- Opening Delimiter -

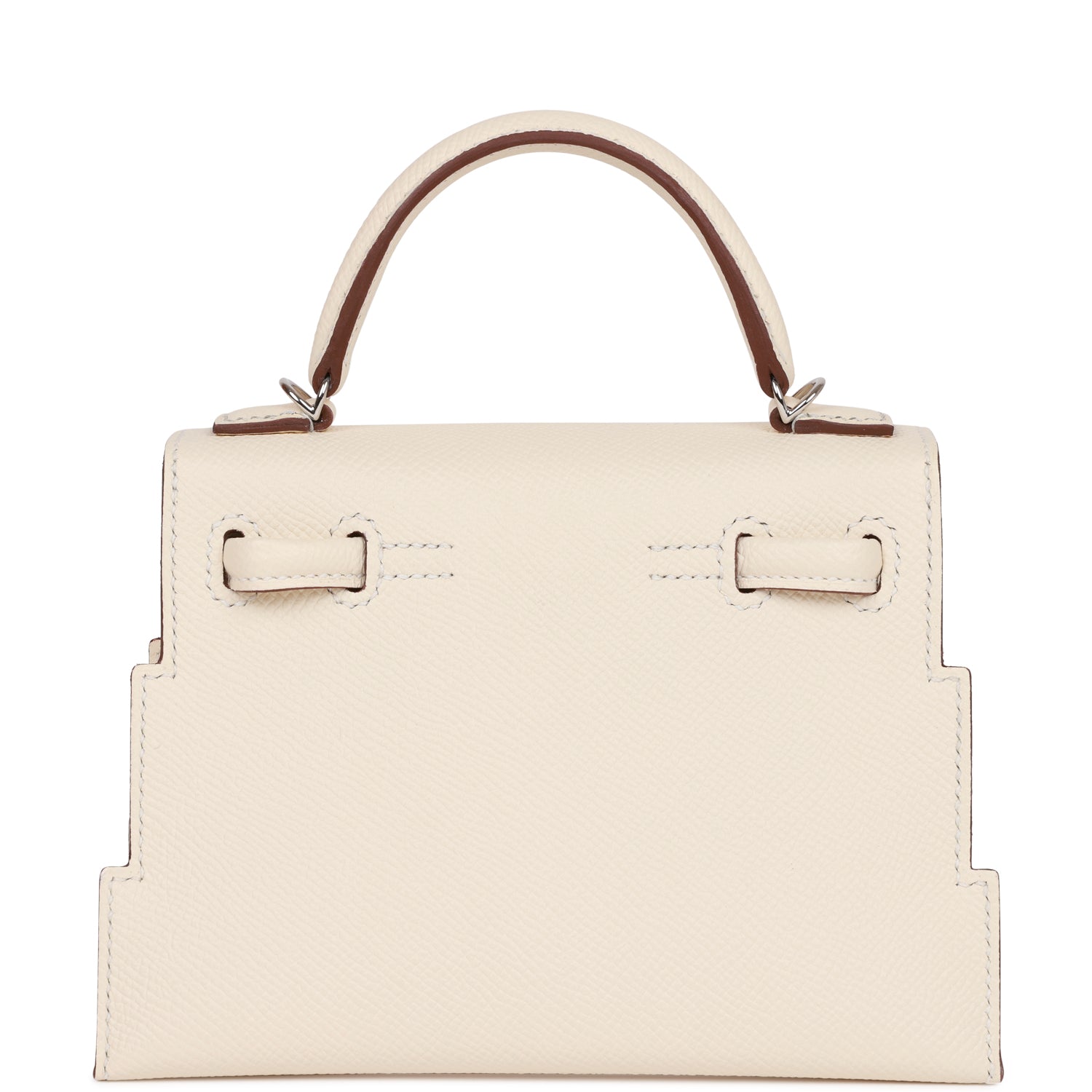 Hermes "Quelle Idolle" Picto Kelly Doll Nata Epsom Palladium Hardware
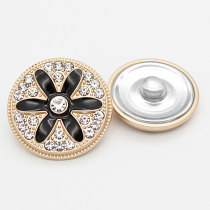 21MM Pearl flower enamel rhinestones  metal  snap buttons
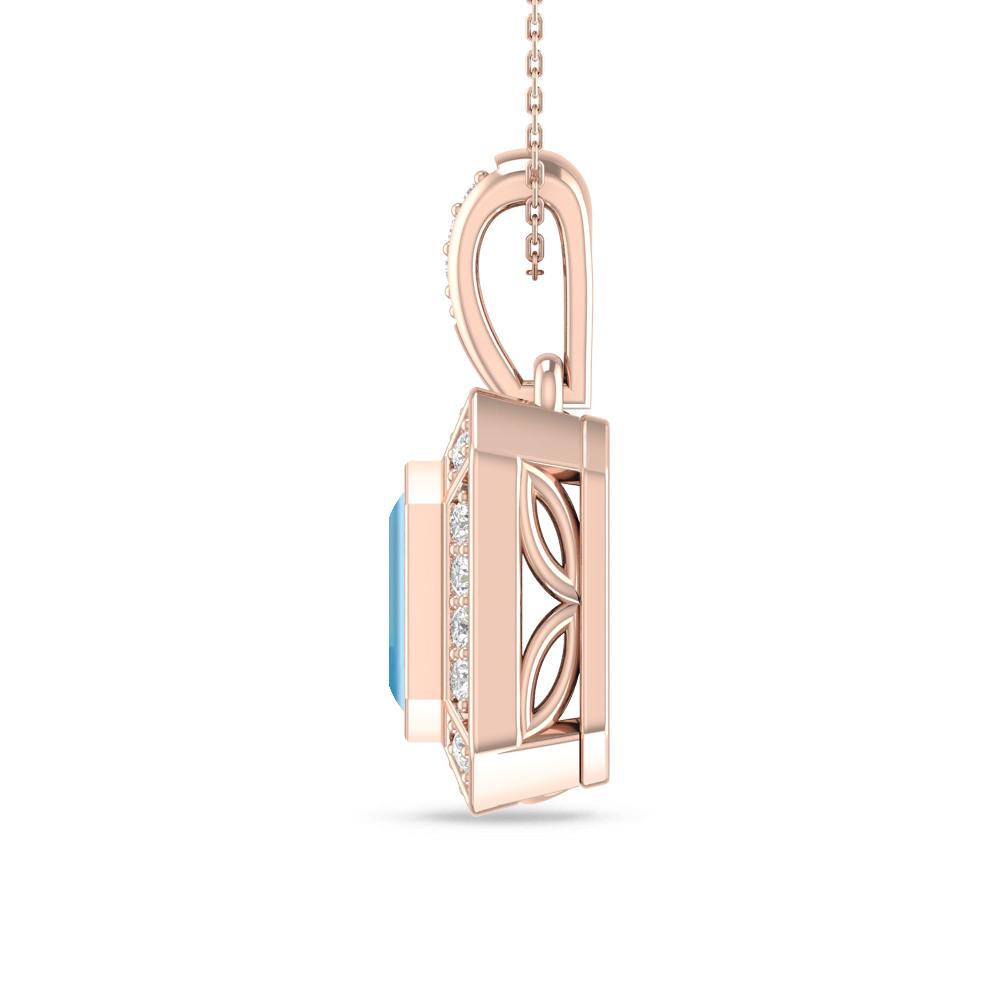 Rose Gold - Aquamarine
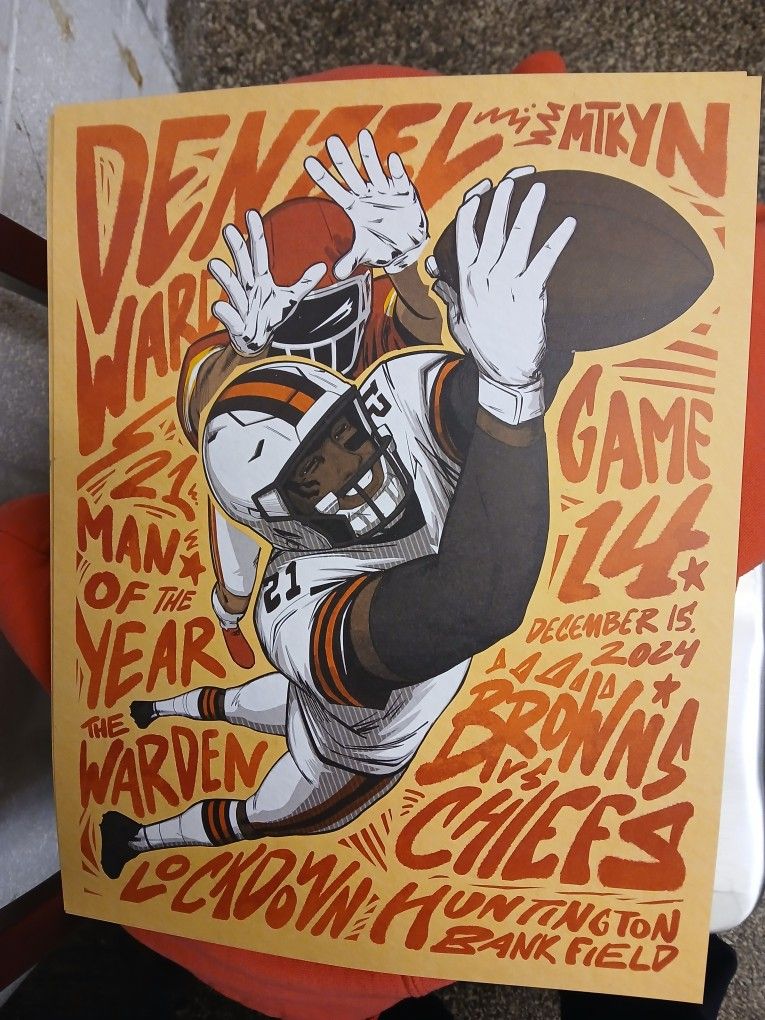 2024 Cleveland Browns Game Day Poster 12/15/24 Vs Kansas City Chiefs SGA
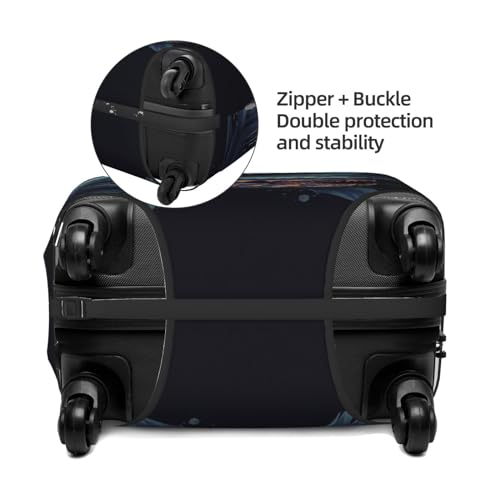 Cool Fish Luggage Cover Elastic Washable Suitcase Cover Anti-Scratch Suitcase Protector Spandex Luggage Protector Travel Baggage Covers for 18-32 inch Luggage4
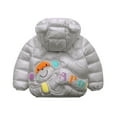 thumbnail image 2 of dmqupv Toddler Winter Coats for Girls 2t Toddler Boys Girls Winter Windproof Cartoon Monkey Prints Bear Ears Hooded Coat Grey 2-3 Years, 2 of 4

- Closing Delimiter -

• Exercise aim
Start to finish, write out the data above exactly, omitting all pictures.

• Response area
 Hermes "Quelle Idolle" Picto Kelly Doll Nata Epsom Palladium Hardware
 21MM Pearl flower enamel rhinestones  metal  snap buttons
 Rose Gold - Aquamarine
 2024 Cleveland Browns Game Day Poster 12/15/24 Vs Kansas City Chiefs SGA
 Cool Fish Luggage Cover Elastic Washable Suitcase Cover Anti-Scratch Suitcase Protector Spandex Luggage Protector Travel Baggage Covers for 18-32 inch Luggage4
 thumbnail image 2 of dmqupv Toddler Winter Coats for Girls 2t Toddler Boys Girls Winter Windproof Cartoon Monkey Prints Bear Ears Hooded Coat Grey 2-3 Years, 2 of 4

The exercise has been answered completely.